After that I carried a bulb in my bag together with my books and other props. On dark days, I stood on one of the desks, held the bare metal socket in one hand and screwed the bulb in place. The boys laughed at my doing such an un-teacher-like thing, but after a few times, they even volunteered to help. They fearlessly grabbed the wires and the socket, unafraid of the 220 volts that might jolt them if the switch had accidentally been left in the on position.
One afternoon I sat drinking tea and talking to Mr. Haddadpor when I remembered that I had forgotten to retrieve my light bulb at the end of the previous class.
"What is wrong?" asked Haddadpor.
"I left my light bulb in the classroom," I explained. "I need to go and get it."
"I think that you are throwing away your time," he said. "It will not be there now."
I walked down the hall and into the empty classroom. The empty socket still swung gently from side to side. One of the boys had taken the bulb. Back in the faculty room I sat on my chair next to Haddadpor who never looked up.
"I told you it would not be there," he said quietly.
Opening the windows seemed harmless enough. The fresh air replaced the stuffy stale feeling that accumulated in the closed classrooms all winter. Then one day a bee flew in. The boys started screaming, running toward the door, and even crying. I told them to sit down, but nobody listened. I picked up my grade book, rolled it into a tube, and walked to the back of the room where the bee landed on a desk. I smashed it with one quick blow.

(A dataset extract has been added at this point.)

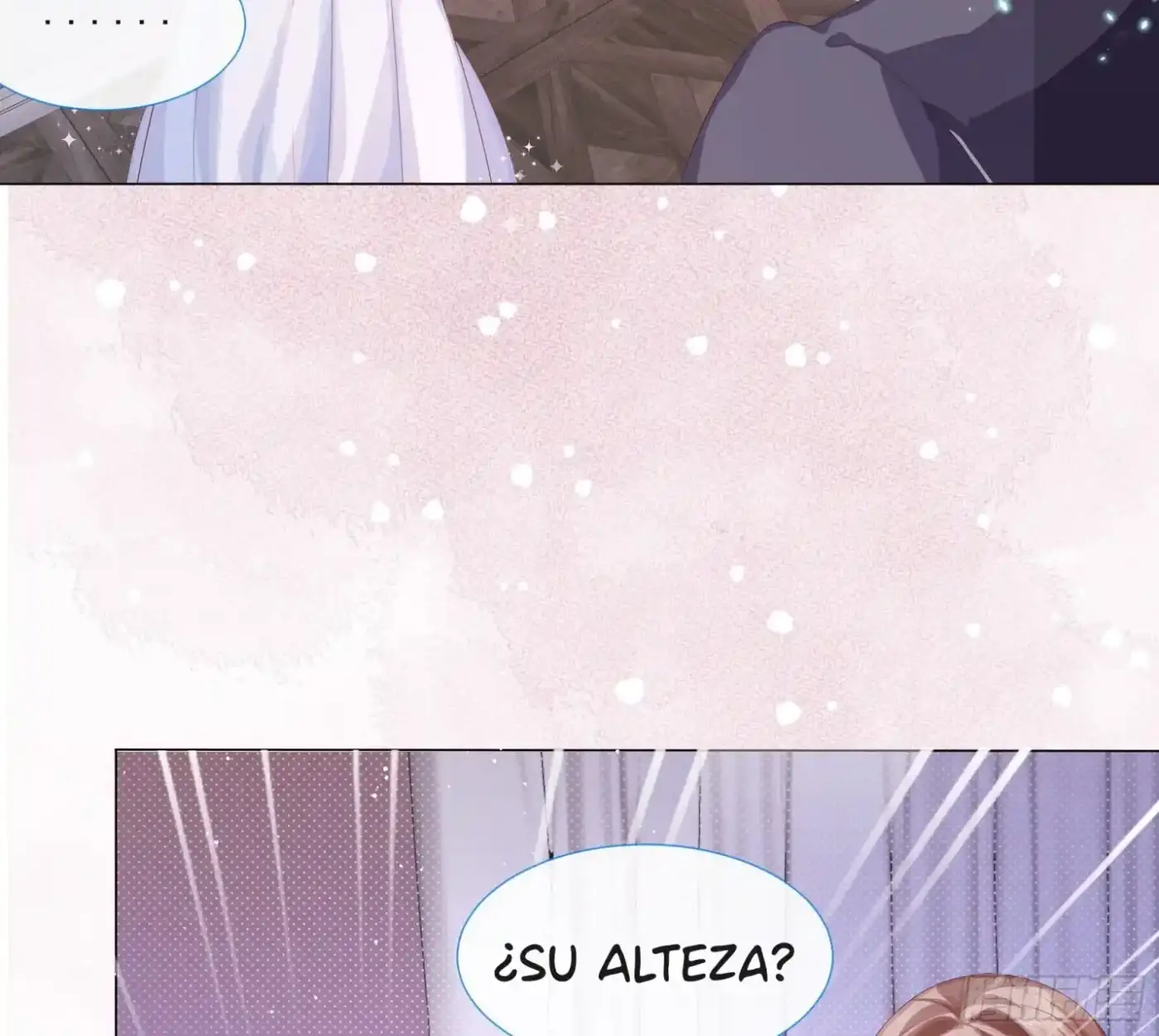 Querida Ninita capítulo 3, página 66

"Bah, bah, bah," said the boys. "Oh! Mister!" Jamshed Fatahee whispered with considerable respect. Every time a bee flew into one of my classes the boys panicked. I discovered that none of the other teachers ever opened the windows.

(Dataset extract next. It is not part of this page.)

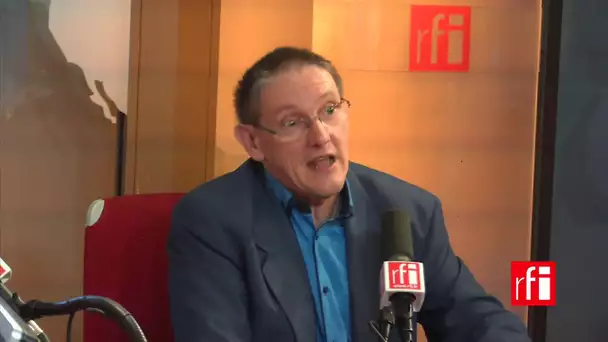 Paul Raoult: «Permettre aux élèves de donner du sens à ce qu’ils apprennent»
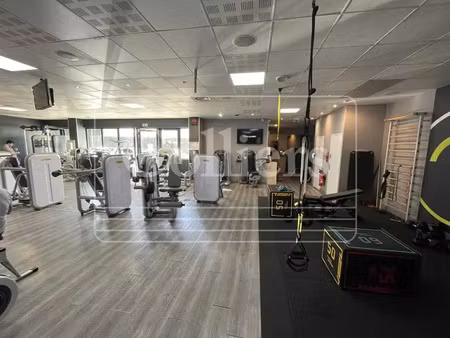 a louer - local commercial - eguilles (13)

Pahlavi High School, and the other high schools, did have telephones, of sorts.
"Mr. Shaigon is having some teachers who are ill," said Mr. Hashemi one day during recess. "He is asking you to come and teach today in the afternoon. Will you be going?"
"Tell him I'll be there," I agreed.
Hashemi went to the bulky black telephone that sat on the bookkeeper's desk. He turned the crank on its side three or four times, then picked up the receiver.

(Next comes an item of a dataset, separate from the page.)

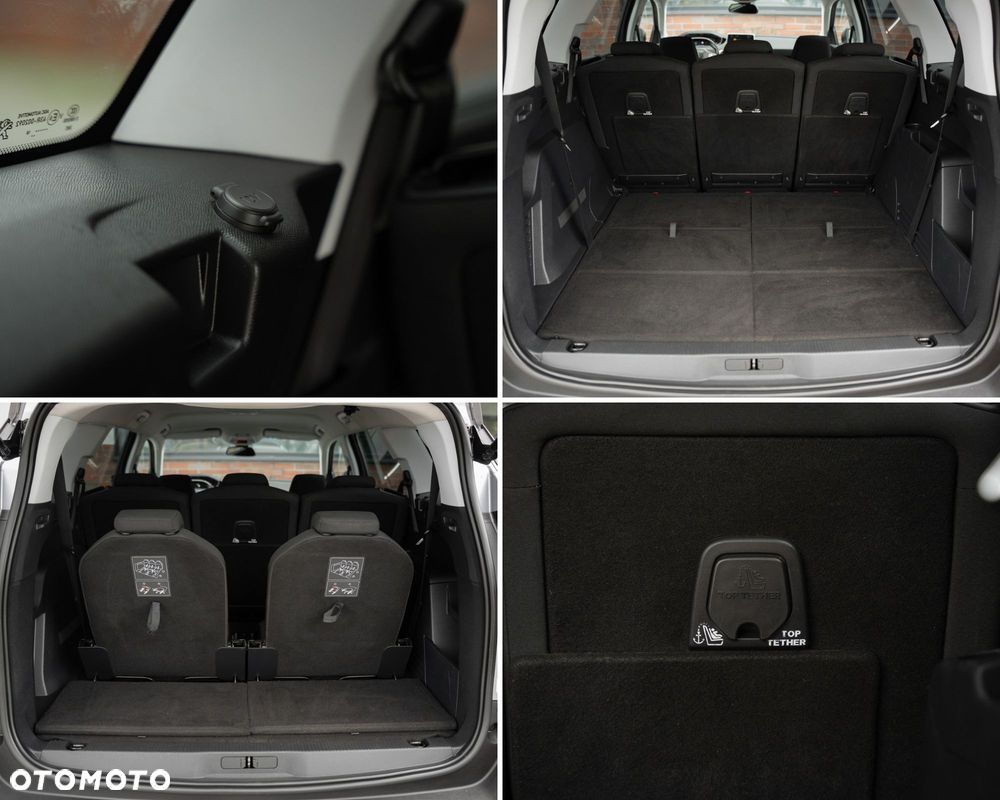 Peugeot 5008 BlueHDi 130 Active - 41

"Hello, Hello," he shouted.
Finally the operator at the central office of the phone company answered. From each telephone in the city an individual line ran to the telephone office. Near its location south of the bazaar the overhead poles carried a nightmare tangle of wires that would have impressed any spider. Two or three men served as operators, but late at night or on Friday when none of them worked the city's telephone service shut down.
Hashemi told the operator that he wanted to talk to someone at Reza Shah High School. Then he put his receiver back in its cradle, waited about five seconds, and then turned the crank on the side of the phone three or four times. Then he waited. Presumably the operator had connected the Pahlavi phone to the Reza Shah phone, and in turning the crank, Hashemi had caused the Reza Shah phone to ring. If someone there heard it, he then went to their phone and turned its crank making the phone at Pahlavi ring. This happened, and it signaled Hashemi to pick up his receiver as did the person at the other end.
Before getting down to business, both men went through a litany of greetings and pleasantries. Finally Mr. Hashemi told Mr. Shaigon that I would be willing to help him that afternoon. When finished, after saying good-bye, which also involved considerable ritual, both men hung up. And both turned the cranks on their phones, signaling the operator that he could disconnect the call.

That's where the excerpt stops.